Open Road — Week Four by Team RAZA

It’s dark in the Aquarium, save for a few laser lights, and the bar is crowded with patrons clamoring for a drink between sets. We order some beers and take in the sounds of local favorite band The Human Element while we wait for our check. But it never comes. Instead, our round is covered by a mysterious figure at the end of the bar. As we make our way through the fog-machine haze, our free-handed friend reveals himself to be Lee, an employee of Fargo Brewing Company. It’s no surprise that we’d run into someone from our Week Four partner tonight. We’ve discovered through trips to the gym, local entrepreneur meet-and-greets, run clubs, and community barbecues that Fargo’s eponymous brewery is woven into the very fabric of the city.

Jared Hardy and Aaron Hill founded Fargo Brewing Co. in 2010 with the mission of bringing craft beer back to their hometown of Fargo, North Dakota. When they distributed their first beer, Wood Chipper IPA, in 2011 they immediately became the oldest and largest brewery in the state. They’ve since grown to employ fifteen other beer enthusiasts and distribute beer to over 1,000 accounts in four states.
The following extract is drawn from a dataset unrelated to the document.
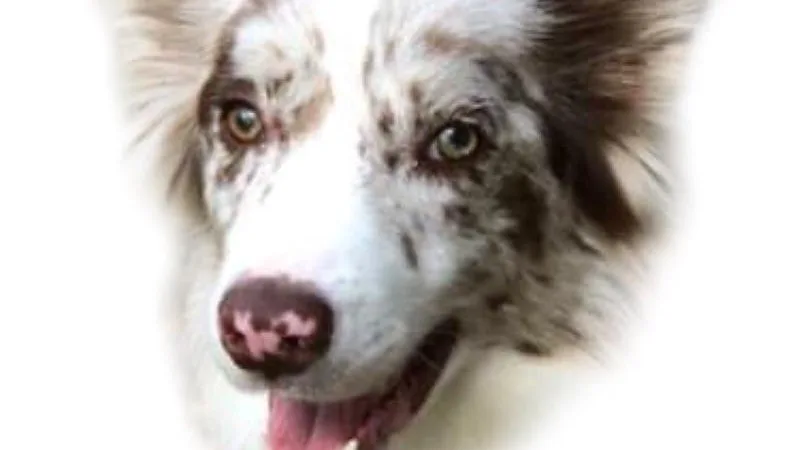 TierundWir - Top-Hundetraining/Tierbetreuung - Anita Novotny - Vienna pet otel görseli 3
In fact, Fargo Brewing Co. was so successful that they inspired others to join in on the fun. There are now seven breweries in the Fargo-Moorhead area, and fourteen statewide.

During our first year at Ross, we learned about first-mover advantage — the potential competitive edge gained by the initial occupant of a market segment. Fargo Brewing Co. certainly benefited from being the only brewery in town for a while. But during our time in Fargo, we observed some first-mover dis-advantages. By blazing the trail for craft brewing to return to North Dakota, they made it much easier for competition to enter the market. In many ways, they’re a victim of their own success.

Fargo’s increasingly competitive craft beer industry is a microcosm of what’s happening in the industry nationwide. After five years of double digit volume growth, the market is nearing saturation and growth has started to slow. This has left many of the original trailblazers seeking new ways to expand. Many have chosen to sell to larger brewers like Anheuser-Busch and MillerCoors to leverage their balance sheets and extensive distribution networks. Others, like Left Hand Brewing and New Belgium Brewing, have taken a different approach. Instead of selling to outsiders, they’ve sold to their own employees through an Employee Stock Ownership Plan (or ESOP).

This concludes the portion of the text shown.